Krise, Hunger und Krieg: Der Klassenkampf kennt keine Staatsgrenzen!

In der Internationale liegt der Schwerpunkt der Klassenorganisation des Proletariats.

Rosa Luxemburg

Milliarden wurden in die strudelnden Finanzmärkte gepumpt, um angeschlagene Bankhäuser zu stützen und den Auswirkungen der Krise entgegenzuwirken. Auf der anderen Seite werden weltweit immer neue Kürzungsprogramme entwickelt, Sozialleistungen gekürzt, Löhne gesenkt und Arbeitsplätze abgebaut. Nach wie vor ist die Weltlage durch wachsende soziale Polarisierung und zunehmende Instabilität geprägt. Die Krise an den Finanzmärkten, Hungerrevolten in Haiti, Afrika und Asien, globale Erderwärmung, die entsetzlichen Implikationen der Kriege im Irak und Afghanistan - von einem „Ende der Geschichte“ (F.Fukujama) kann keine Rede sein. Selbst die wortgewaltigsten Apologeten der „Selbstheilungskräfte des Marktes“ äußern sich nun zunehmend verhalten. Zwar mutet es zunächst einmal drollig an, wenn eine Figur wie der Chef der Deutschen Bank, Ackermann, angesichts des Debakels auf den Finanzmärkten nach dem Staat ruft, klar sollte jedoch sein, wer am Ende die Zeche wirklich zu zahlen hat.

Krieg gegen die Armen

Auch hierzulande hat sich im Zuge des sog. Umbaus des Sozialstaats die Kluft zwischen Arm und Reich erheblich vertieft. Seit 1992 sind die Einkommen der ärmeren Schichten preisbedingt um 13% gesunken, während die Bezüge der sog. „Spitzenverdiener“ um fast ein Drittel angestiegen sind. Durch die steigenden Preise für Gas, Strom und Lebensmittel wird sich die Tendenz zur Verarmung weiter fortsetzen. Der Mittelstand, einst immer als Rückrad des deutschen Modells gefeiert, befindet sich in einem Prozess fortwährender Erosion. Während „Sozialstaatsexperten“ medienwirksam darüber sinnieren, ob nun Kinder - oder Altersarmut das größere Problem seien, verkünden Unternehmen Rekordgewinne. Im Zuge der Unternehmenssteuerreform wurde 2007 die Körperschaftssteuer für Gewinne der Kapitalgesellschaften von 25 auf 15 Prozent sowie die Steuern auf Gewinne und Zinsen und Dividenden von 44 auf 26 Prozent gesenkt. Alles in allem also ein Steuergeschenk an die Kapitaleigner in Höhe von ca. 10 Milliarden Euro! Gleichzeitig werden mit der Standardfloskel der leeren Kassen Löhne gekürzt, das Rentenalter angehoben, die Arbeitszeiten verlängert und Arbeitsplätze abgebaut....

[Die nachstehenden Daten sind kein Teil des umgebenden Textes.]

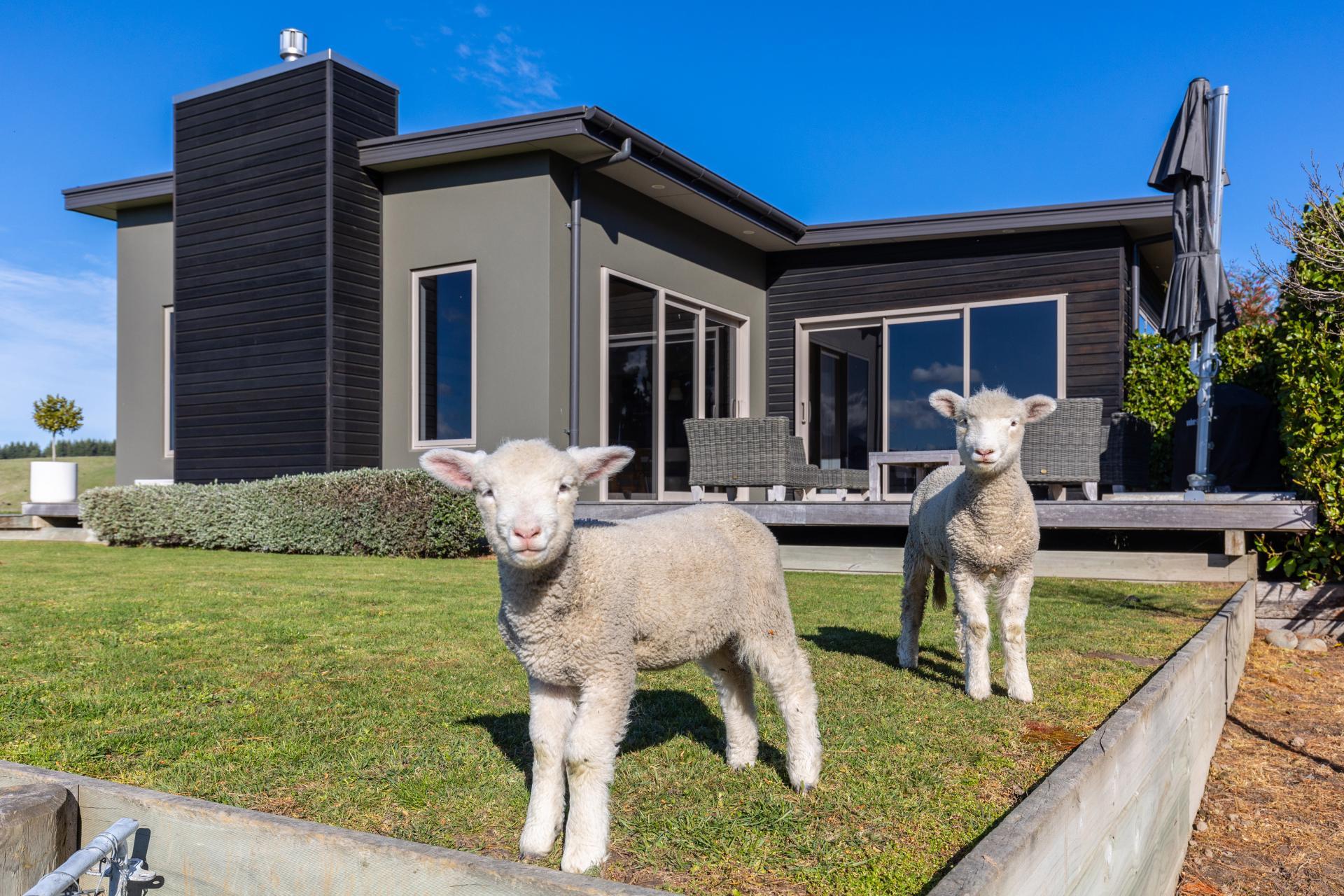 466 Delta Lake Heights, Renwick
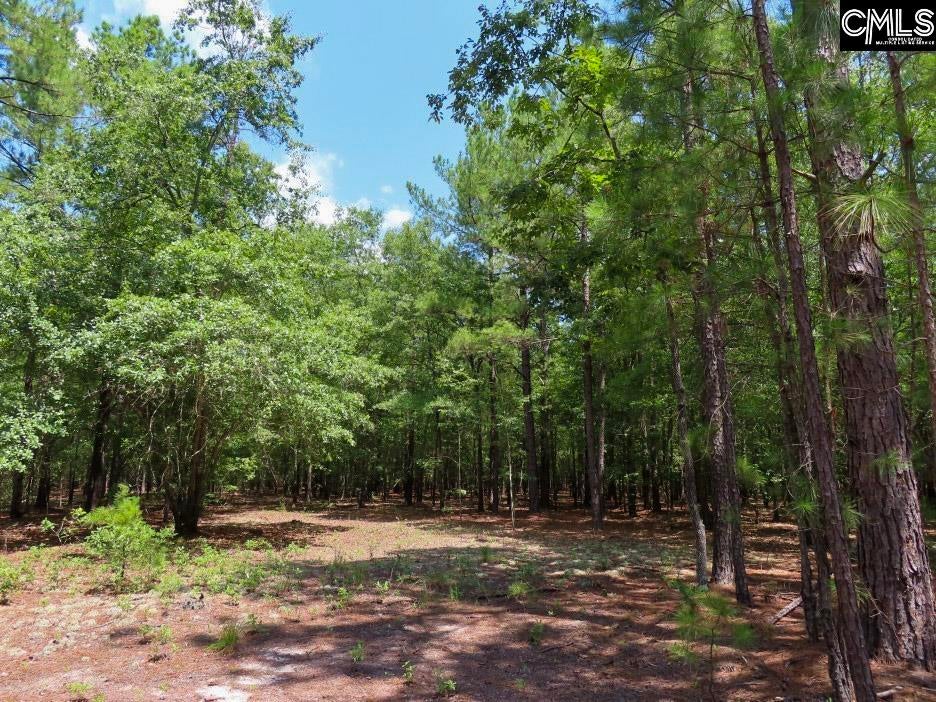 3915 Old Georgetown Road West Kershaw, SC 29067 - Photo 46 of 64 Gallery Image 46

Auch die Tendenz zu prekären Arbeitsverhältnissen und Niedriglöhnen nimmt immer mehr zu: Im Zeitraum 1994 bis 2005 erhöhte sich die Zahl der Teilzeitbeschäftigten von 6,5 auf 11,2 Millionen. 6,5 Millionen Menschen gehören laut einer Studie des Instituts Arbeit und Qualifikation (IAQ) der Universität Duisburg-Essen dem Niedriglohnsektor an. Der Anteil der Niedriglöhner an den abhängig Beschäftigten lag im Jahr 2006 bei über 22 Prozent, 1995 hatte er noch 15 Prozent betragen.

Die Rückkehr der Streiks

Nach Jahren des Lohnverzichts haben viele Menschen die Schnauze voll. Davon zeugen nicht zuletzt der Kampf der Lokführer, die Streikbewegung im Öffentlichen Dienst und die Auseinandersetzungen im Einzelhandel, bei den Berliner Verkehrsbetrieben und der Post. Auch wenn es sich bei diesen Bewegungen vornehmlich um Defensivkämpfe handelt, zeigt die „neue Lust am Streik“ (Der Spiegel), dass wieder Bewegung in die Klassenauseinandersetzung gekommen ist. Das ist begrüßenswert aber noch kein Grund zum Triumphalismus. Trotz wachsenden Unmuts und Unzufriedenheit an der Basis sind die Gewerkschaften immer noch fähig Kämpfe zu kontrollieren und klein zu halten. Mit zuweilen verheerenden Konsequenzen: Der angeblich so erfolgreiche Abschluss der GDL fällt beim genaueren Hinsehen recht bescheiden aus, und wurde mit der totalen Verarschung der Zugbegleiter erkauft. Ebenso magere Ergebnisse brachte der angeblich „gesunde Kompromiss“ im öffentlichen Dienst, dem offenkundig das Kalkül zugrunde lag, die Luft möglichst schnell aus dem Kessel zu nehmen. Als Folge davon stehen nun die Kollegen der Post und der schwache Sektor des Einzelhandels in ihren Auseinandersetzungen derzeit ziemlich allein auf weiter Flur. Auch in der Auseinandersetzung bei den Berliner Verkehrsbetrieben führt die Verhandlungsklüngelei von Ver.di zunehmend zur Demoralisierung der Kollegen. Sollte die Gewerkschaft den Streik an die Wand fahren, und zur Zeit sieht es danach aus, hätte dies schwerwiegende Auswirkungen auf den Widerstand in anderen Bereichen des Öffentlichen Dienstes in Berlin.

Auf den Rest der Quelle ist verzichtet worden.